START DATASET RECORDS

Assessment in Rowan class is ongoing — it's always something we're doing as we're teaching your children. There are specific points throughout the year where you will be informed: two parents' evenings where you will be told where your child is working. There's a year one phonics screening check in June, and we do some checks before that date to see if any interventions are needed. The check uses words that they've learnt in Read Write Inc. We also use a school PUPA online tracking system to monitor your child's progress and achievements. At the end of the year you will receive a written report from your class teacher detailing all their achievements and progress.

END DATASET RECORDS
START DATASET RECORDS

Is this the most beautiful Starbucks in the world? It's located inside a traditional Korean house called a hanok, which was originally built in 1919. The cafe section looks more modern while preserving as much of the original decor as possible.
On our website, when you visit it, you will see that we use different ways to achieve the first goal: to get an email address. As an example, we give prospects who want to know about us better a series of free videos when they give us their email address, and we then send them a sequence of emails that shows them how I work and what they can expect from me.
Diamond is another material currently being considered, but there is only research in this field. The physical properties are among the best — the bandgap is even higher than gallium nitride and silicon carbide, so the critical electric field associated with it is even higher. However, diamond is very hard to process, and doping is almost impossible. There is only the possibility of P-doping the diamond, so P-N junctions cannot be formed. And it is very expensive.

END DATASET RECORDS

> _TRY IT_
Scan the entries above, and wherever a line holds the string "this", copy it.

> _FINAL ANSWER_
Is this the most beautiful Starbucks in the world? It's located inside a traditional Korean house called a hanok, which was originally built in 1919. The cafe section looks more modern while preserving as much of the original decor as possible.
Diamond is another material currently being considered, but there is only research in this field. The physical properties are among the best — the bandgap is even higher than gallium nitride and silicon carbide, so the critical electric field associated with it is even higher. However, diamond is very hard to process, and doping is almost impossible. There is only the possibility of P-doping the diamond, so P-N junctions cannot be formed. And it is very expensive.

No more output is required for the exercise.